Virucidal Efficacy of Laser-Generated Copper Nanoparticle Coatings against Model Coronavirus and Herpesvirus

Abstract

High-efficiency antiviral surfaces can be an effective means of fighting viral diseases, such as the recent COVID-19 pandemic. Copper and copper oxides, their nanoparticles (NPs) (CuNPs), and coatings are among the effective antiviral materials having internal and external biocidal effects on viruses. In this work, CuNP colloids were produced via femtosecond laser ablation of the metal target in water, a photophysical, cost-effective green synthesis alternative utilizing sodium citrate surfactant stabilizing the NPs. Raman spectroscopy and X-ray diffraction studies confirmed that the 32 nm mean size CuNPs are mixtures of mainly metallic copper and copper(I) oxide. Polyvinyl butyral was utilized as the binding agent for the CuNPs deposited via high-throughput spray-coating technology. The virucidal efficacy of such coatings containing Cu content ranging from 2.9 to 11.2 atom % was confirmed against animal-origin coronavirus containing ribonucleic acid, the agent of avian infectious bronchitis (IBV), and herpesvirus containing DNA, the agent of bovine herpesvirus (BoHV-1) infection. It was demonstrated that after a short time of exposure, the Cu NP-based coatings do not have a toxic effect on the cell cultures while demonstrating a negative effect on the biological activity of both model viruses that was confirmed by quantification of the viruses via the determination of tissue culture infectious dose (TCID₅₀) virus titer and their viral nucleic acids via determination of threshold cycle (Ct) employing real-time polymerase chain reaction analysis. The assays showed that the decrease in TCID₅₀ virus titer and increase in Ct values correlated with Cu content in Cu NP-based coatings for both investigated viruses. Contact with coatings decreased IBV and BoHV-1 numbers from 99.42% to 100.00% and from 98.65% to 99.96%, respectively. These findings suggest that CuNPs show inhibitory effects leading to the inactivation of viruses and their nuclei regardless of the presence of a viral envelope.

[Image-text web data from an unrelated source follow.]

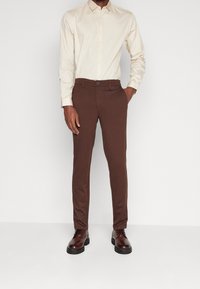 Brown tailored trousers made of a smooth fabric, featuring a slim fit, front pockets, and a button closure. Worn with a light-colored shirt.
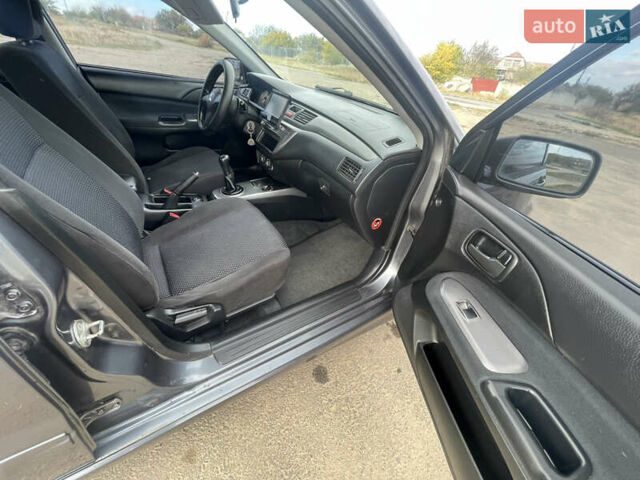 Чорний Міцубісі Lancer, об'ємом двигуна 1.6 л та пробігом 162 тис. км за 4650 $, фото 14 на Automoto.ua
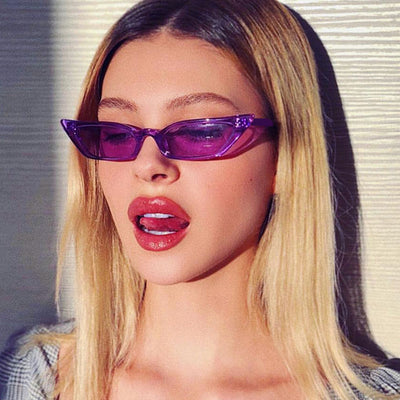 Narrow cat-eye sunglasses with a transparent yellow frame and yellow tinted lenses on a white background. - Image 11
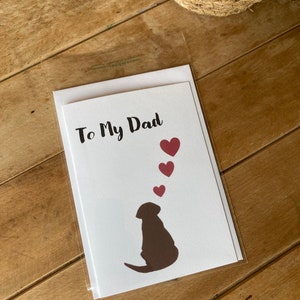 Pode incluir: Um cart&atilde;o branco com o texto "To My Dad" em escrita cursiva preta. Uma silhueta marrom de um cachorro olhando para cima para cinco cora&ccedil;&otilde;es vermelhos.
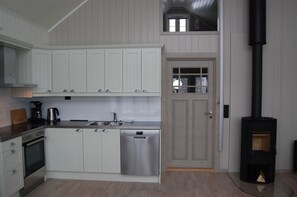 A modern kitchen with white cabinetry, a dishwasher, a stove, and a black wood-burning stove. - Thor-Bua, Sund in Lofoten (Flakstad)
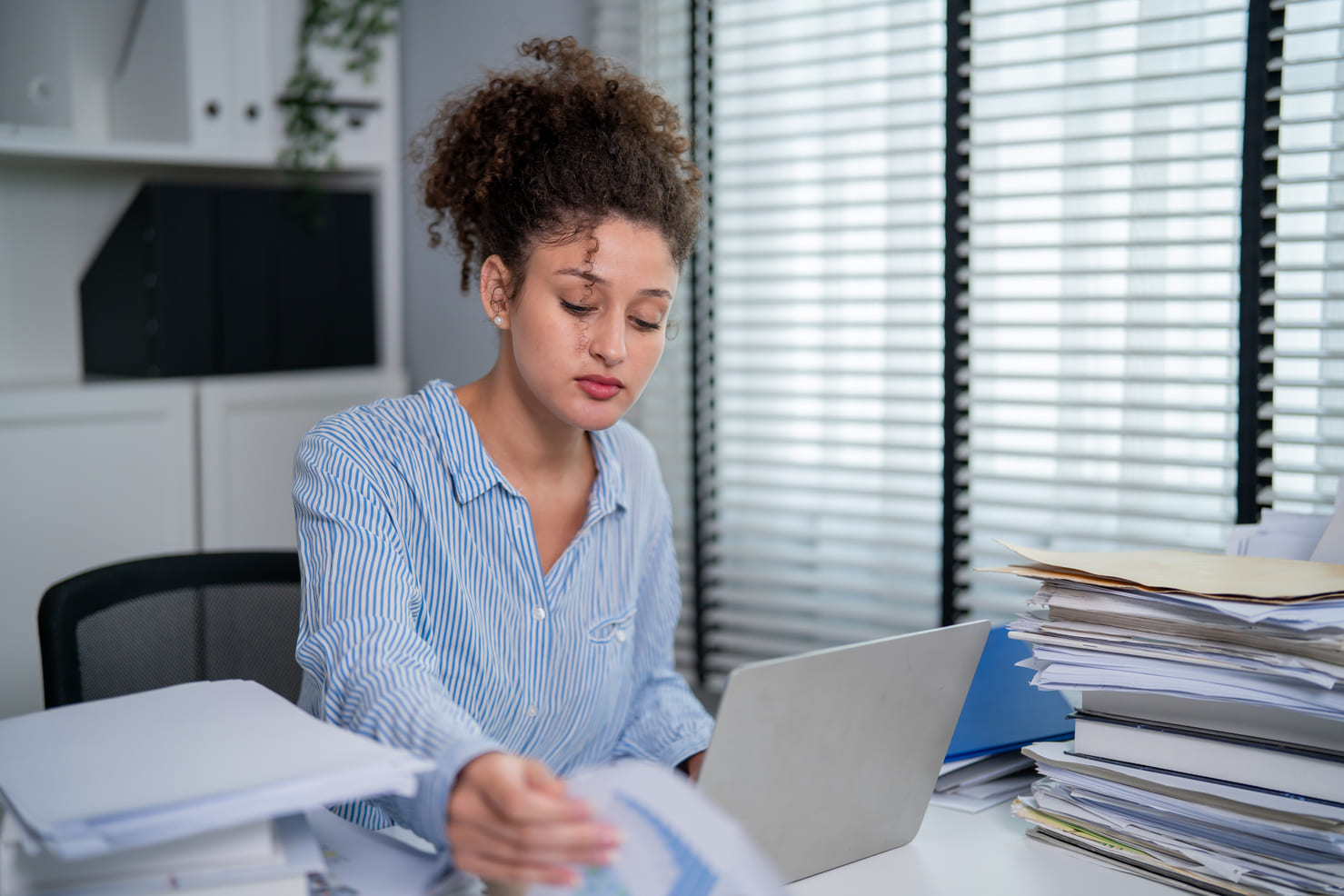 Foreign worker organizing personal documentation and employment records in an office setting.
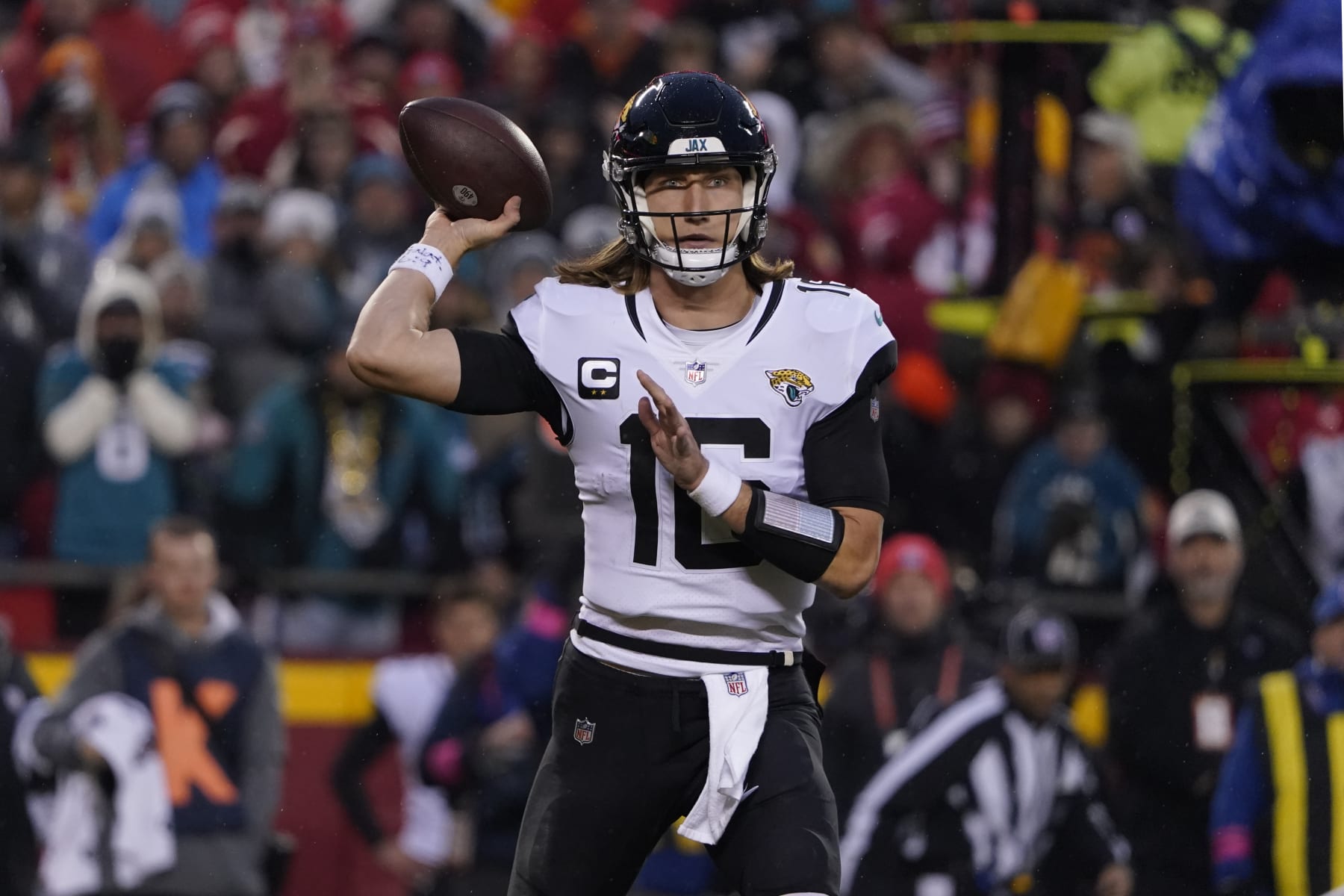 Jacksonville Jaguars quarterback Trevor Lawrence passes against the Kansas City Chiefs during an NFL Divisional Playoff football game Saturday, Jan. 21, 2023, in Kansas City, Mo. (AP Photo/Ed Zurga)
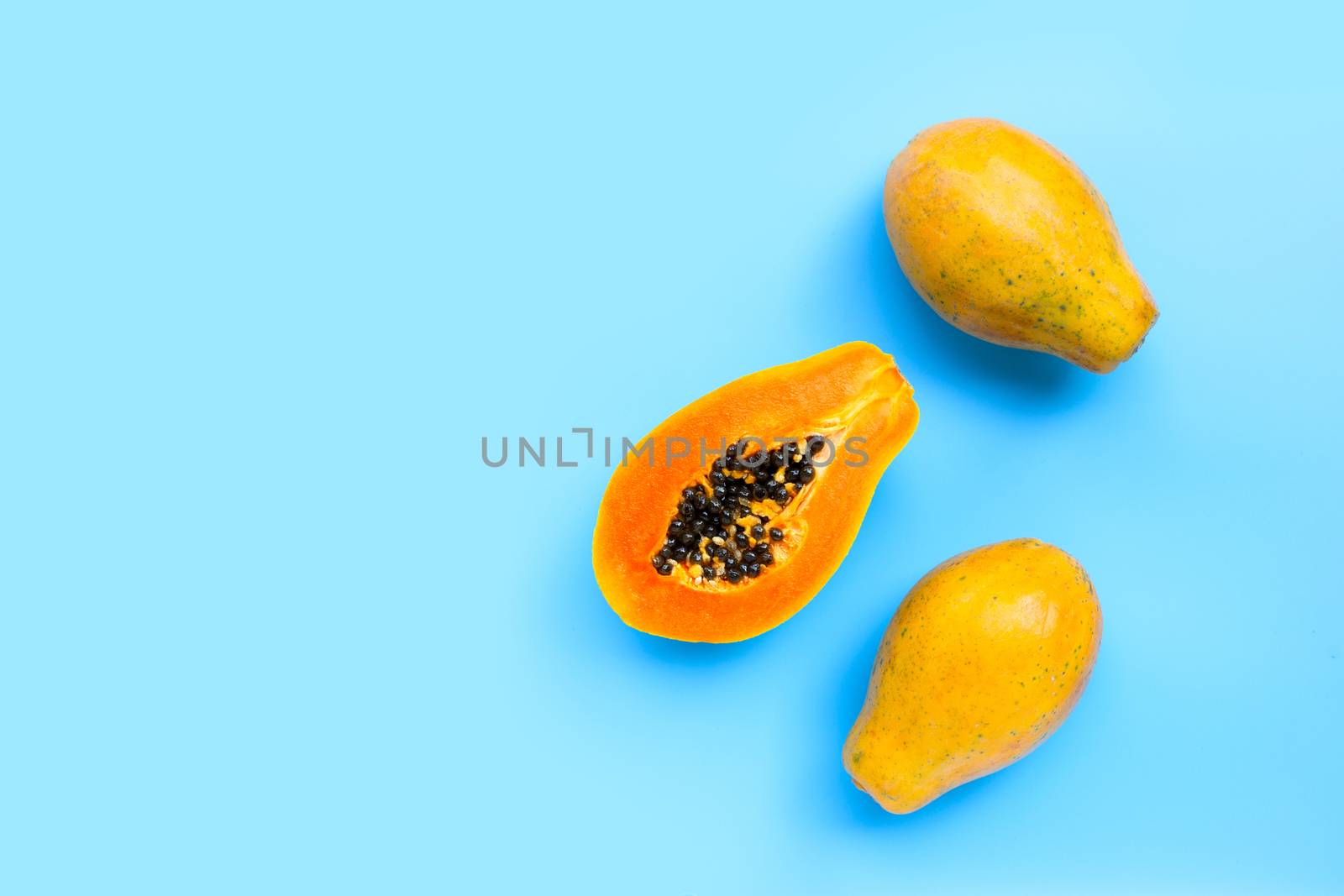 Papaya fruit on blue background. Top view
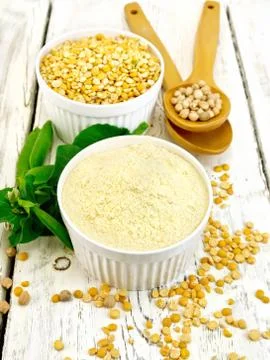Flour pea and split pease in bowls and spoons on light board Stock Photos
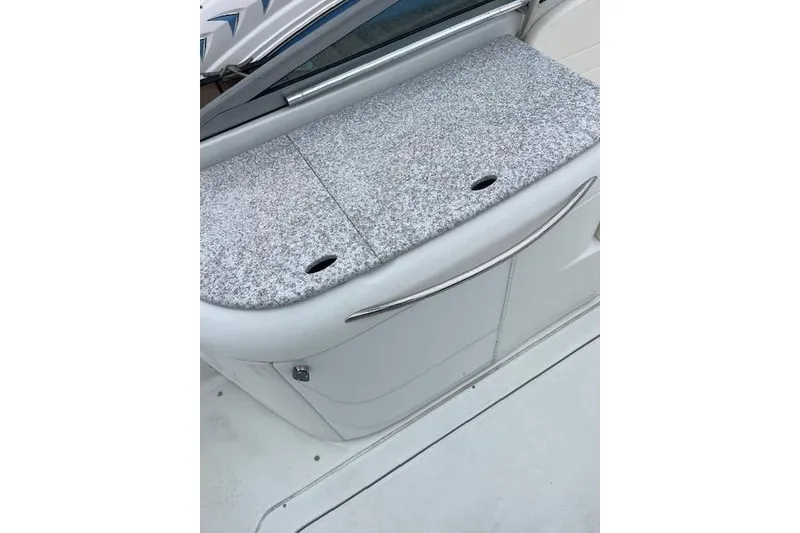 Slide: The Image of 2004 Formula 26 Performance Cruiser boat interior with sleek design and textured surface. - 18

Keywords: copper nanoparticles; coronavirus; herpesvirus; laser ablation in liquid; spray-coating; virucidal surface.

Figure 1

Preparation of Cu NP-loaded coatings and general scheme of the in vitro experiments. (a) Femtosecond laser micromachining setup with a galvanometric scanner and close-up view of the processes in the Petri dish where the Cu target in liquid is scanned with a laser during the ablation process; (b) two-stage spray-coating process starting with deposition of PVB, which is followed by deposition of Cu-NPs, the UV light transmission meter is used for monitoring effective thicknesses of the coatings; (c) cell cytotoxicity test; (d) treatment of virus culture by contacting with investigated coatings and preparation of samples for two quantitative analyses, i.e., virus quantification employing calculating tissue culture infectious dose, and viral nucleic acids via real-time polymerase chain reaction.

Figure 2

Analysis of the Cu colloid synthesized using sodium citrate surfactant. (a) UV–vis–NIR absorbance (optical density, O.D.) spectra of the concentrated colloid. The inset shows a camera image of the concentrated Cu colloid. (b) Raman scattering spectra of the CuNPs with the identified phases addressed in Table S4, “mp”—multiphoton, “a.u.”—arbitrary units. (c) TEM micrograph of the Cu NPs. (d) XRD of the Cu NPs with the indicated hkl indexes for Cu and Cu2O. (e) HRTEM micrograph of Cu NPs with facets addressed to metallic Cu. (f) SAED analysis of the Cu NPs with identified hkl indexes and metallic copper phases.

Figure 3

SEM micrographs of PVB coatings with different Cu NP content, (a) PVB + CuO 10%, (b) PVB + CuO 15%, and (c) PVB + CuO 25% at characteristic magnifications of 1 k×, 20 k×, 100 k× summarized in first, second, and third columns, respectively, with the scale bars of identified length.

Figure 4

In vitro study of different PVB + CuO (10%, 15%, and 25%) coatings and control. (a) Virus titer reduction log10 of IBV, and BoHV-1 after 1 h of contact (*p = 0.0117 and ****p = < 0.0001) and PVB control. (b) Cycle threshold (Ct) values the virus control and coatings of the RT-PCR (*p = 0.0042 and ****p = < 0.0001).